OK, I have blogged in the past about pushy PR and marketing bullies. Today, I’m blogging about another personality type that is just as much an annoyance but on a different level: the psycho freelance writer.

The main difference between the PR bully and the psycho freelancer is that I don’t identify that well with the “hard sell” mentality, but I do identify with being a writer, trying to drum up writing gigs, and wishing an editor would give me a chance to prove I really do know what I’m doing. I have been there at different points in my career.

However, I think our sinking economy has caused some “professional” writers to go off the deep end while negotiating writing jobs with editors.
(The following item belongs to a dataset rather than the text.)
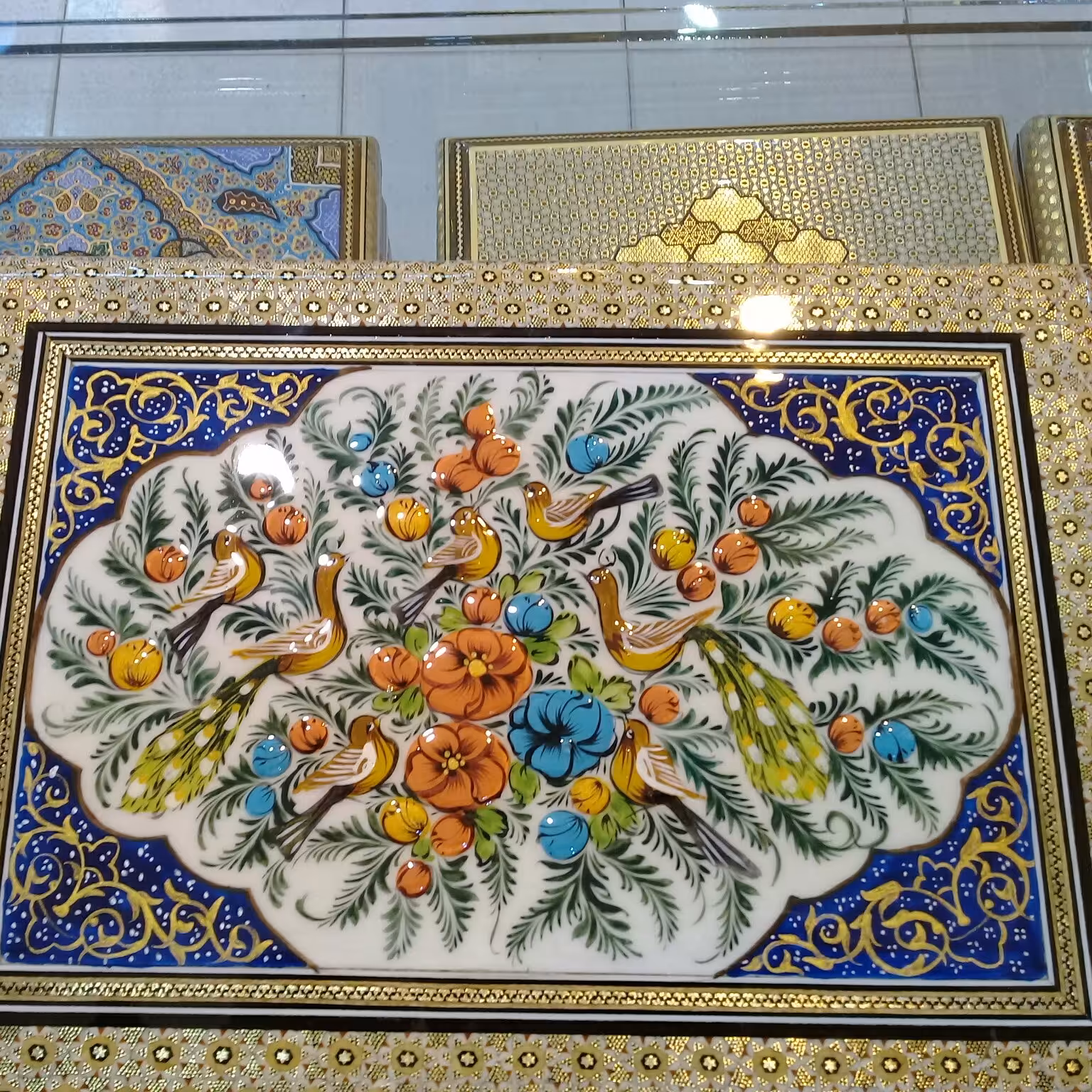 جا قرآنی خاتم استخوانی و مینیاتور گل و مرغ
Article pitches and queries sometimes turn into acts of desperation, like trying to insult one’s way into a writing gig. It doesn’t make any sense, but it certainly does happen – a lot.
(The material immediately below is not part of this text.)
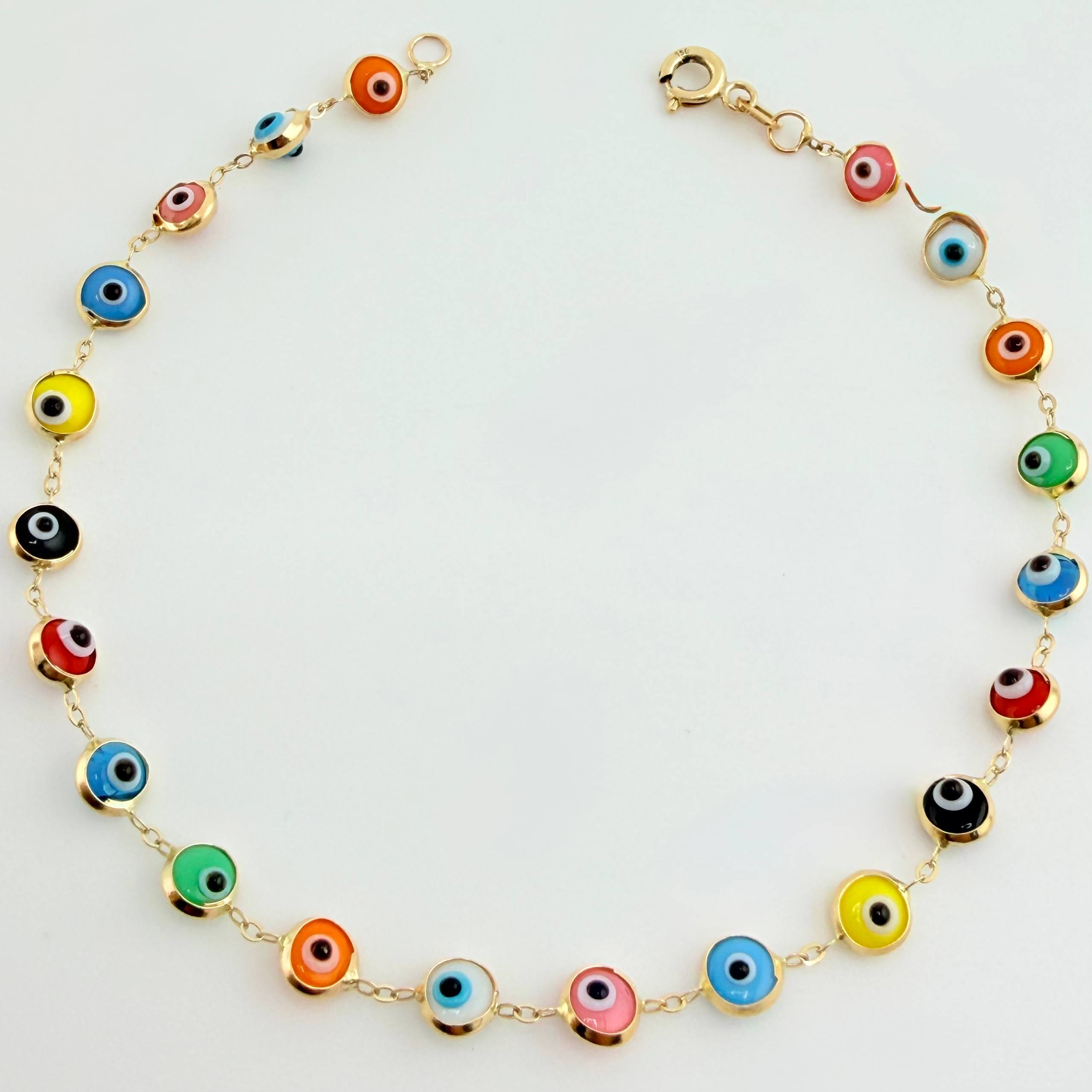 Pulso Ojos Turcos 2.75gr / 7 3/4 in / 4.7mm Oro Amarillo +4 18K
I mainly have dealt with psycho freelance writers during the last two to three years, which is why I am relating their insane approaches to, perhaps, tough financial times and today’s strained economy. I’d hate to think the world of freelancers is this peppered with these lunatics for any other reason.

Most recently, I was approached by a stone mason in Massachusetts via email. He sent images of a fireplace he’d been constructing that actually was unique and beautiful, but wasn’t a fit in our magazine’s trade format. (We aren’t an interior design magazine.) He, of course, thought it should be a feature story in the magazine, and that he should get paid lots of money to write the story and give me images of the fireplace. After a lot of back-and-forth, I decided I could run a small piece explaining the construction of the fireplace and showing an image or two, as a sidebar, in our “fireplaces and chimneys” issue this November.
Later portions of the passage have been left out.